In the records below, find the line with "Иконка программы: Beech Lane RV Leveling Sy…" and repeat exactly every line from it through the line with "Crib 32/329 Kaik Road Oamaru_0". Pictures stay out.

*Dataset content:*
+++

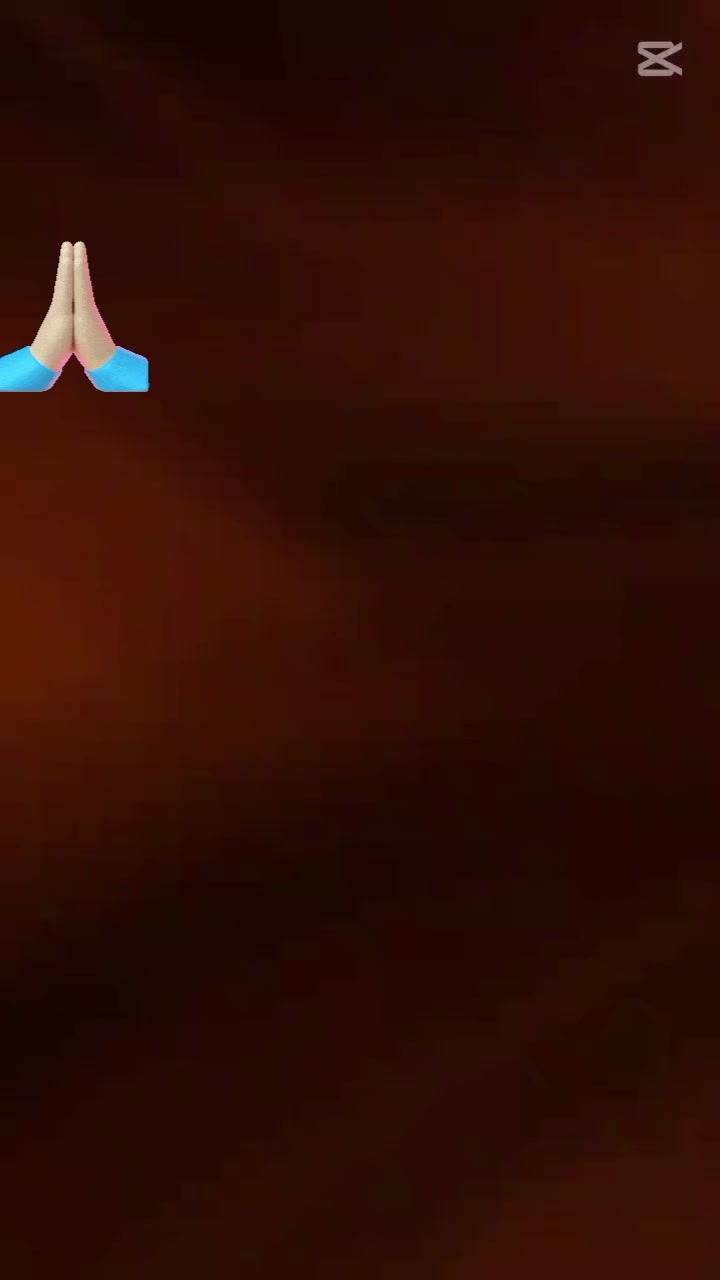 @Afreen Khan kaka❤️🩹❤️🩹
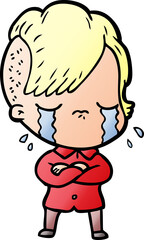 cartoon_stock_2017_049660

+++

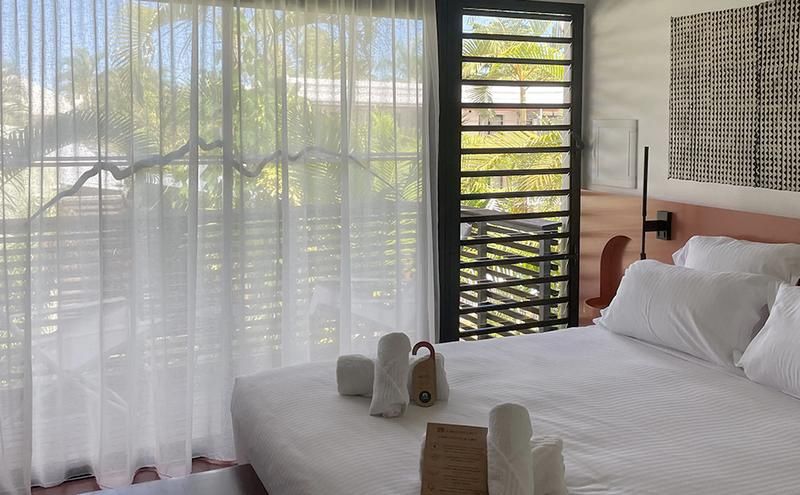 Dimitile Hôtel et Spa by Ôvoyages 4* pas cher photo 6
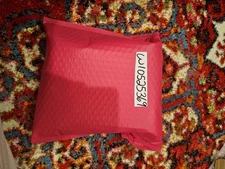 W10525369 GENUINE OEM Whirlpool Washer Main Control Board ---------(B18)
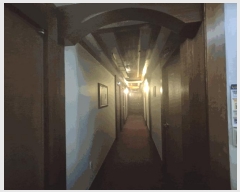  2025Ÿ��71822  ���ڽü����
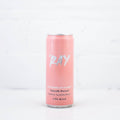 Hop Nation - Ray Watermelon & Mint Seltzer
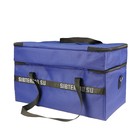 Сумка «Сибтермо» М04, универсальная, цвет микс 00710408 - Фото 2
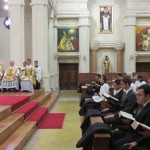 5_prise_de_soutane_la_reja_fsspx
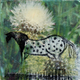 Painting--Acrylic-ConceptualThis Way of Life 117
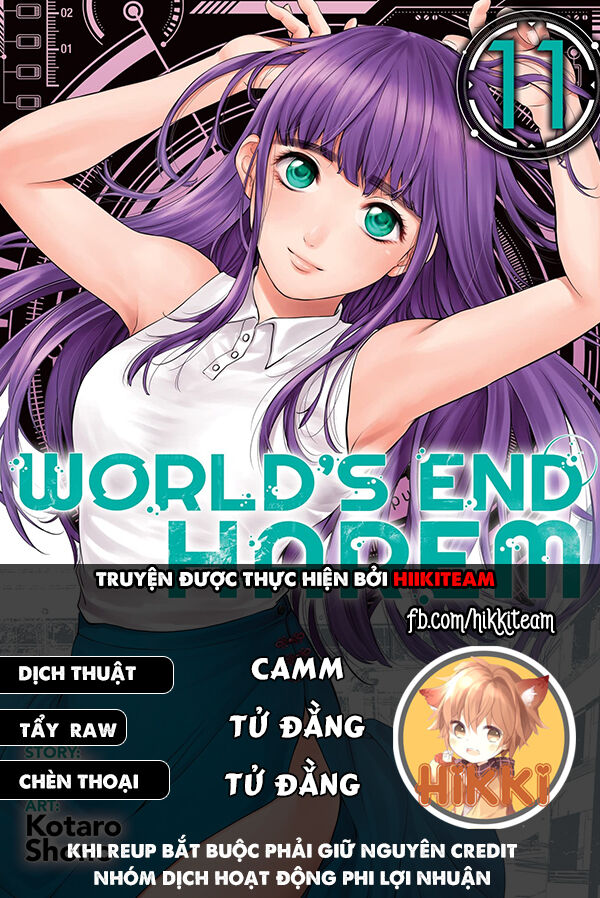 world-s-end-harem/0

+++

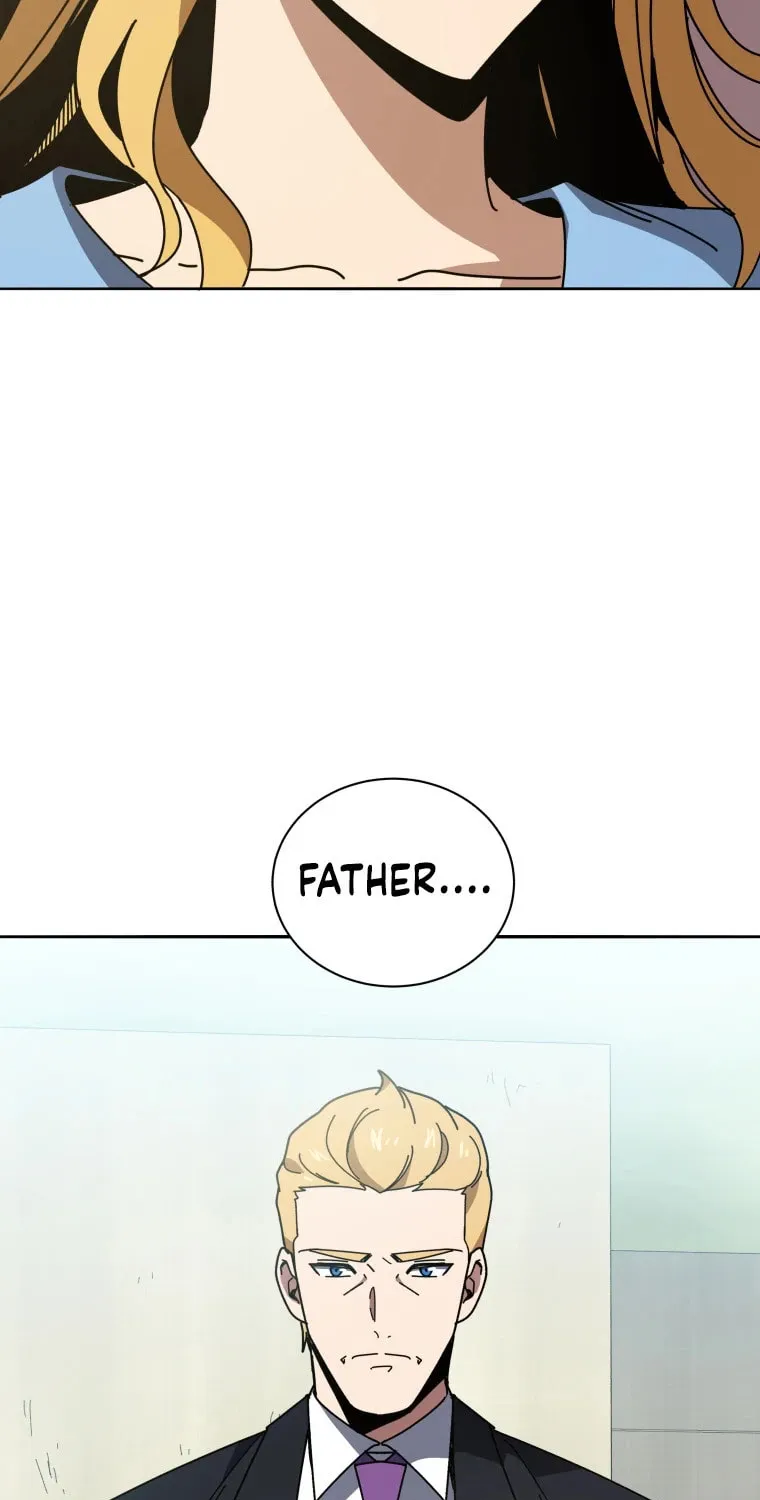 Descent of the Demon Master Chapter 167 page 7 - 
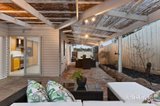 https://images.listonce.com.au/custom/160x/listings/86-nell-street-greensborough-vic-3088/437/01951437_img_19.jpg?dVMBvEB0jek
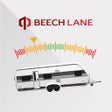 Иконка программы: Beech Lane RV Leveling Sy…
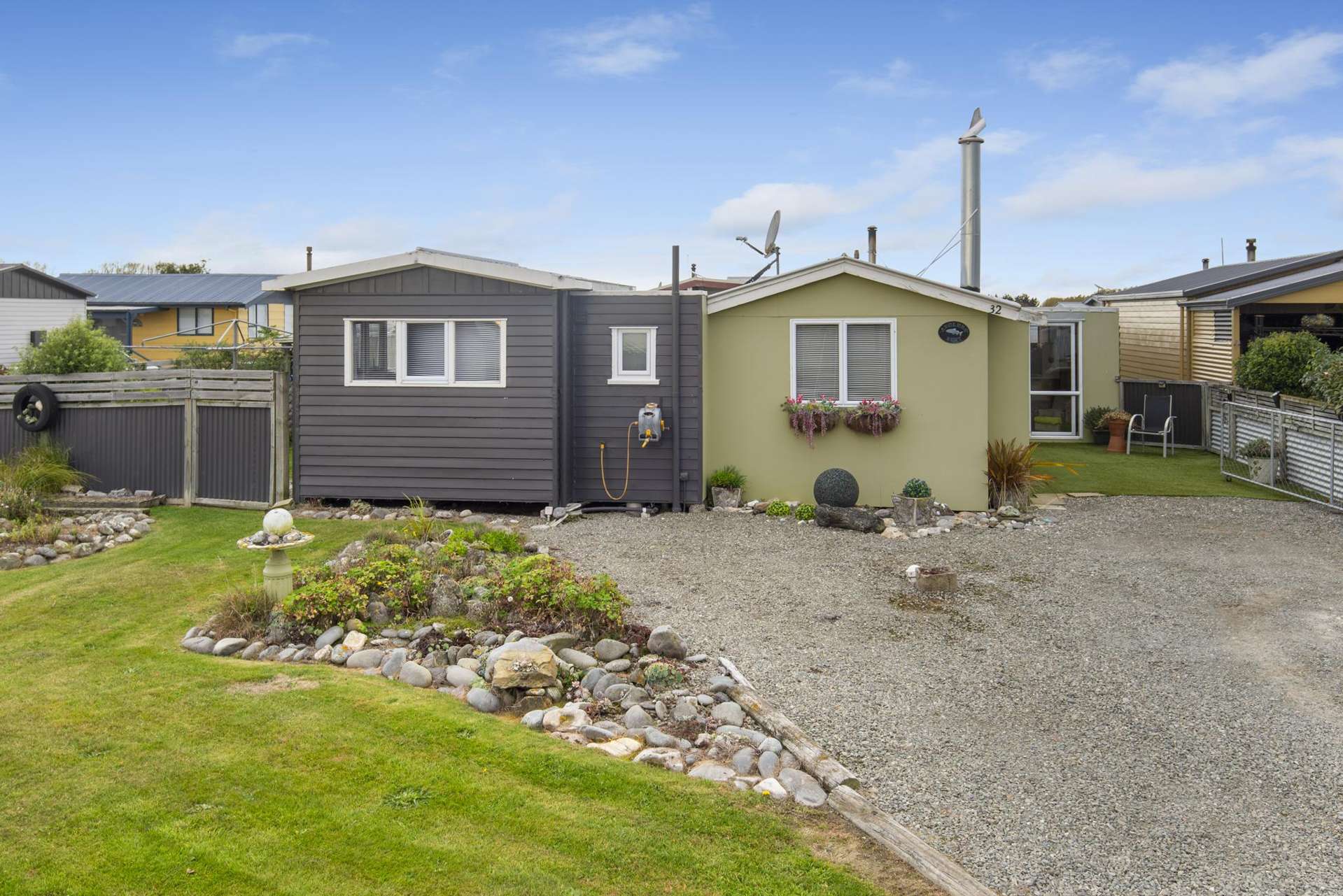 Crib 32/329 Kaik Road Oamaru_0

+++

*Your solution:*
 Иконка программы: Beech Lane RV Leveling Sy…
 Crib 32/329 Kaik Road Oamaru_0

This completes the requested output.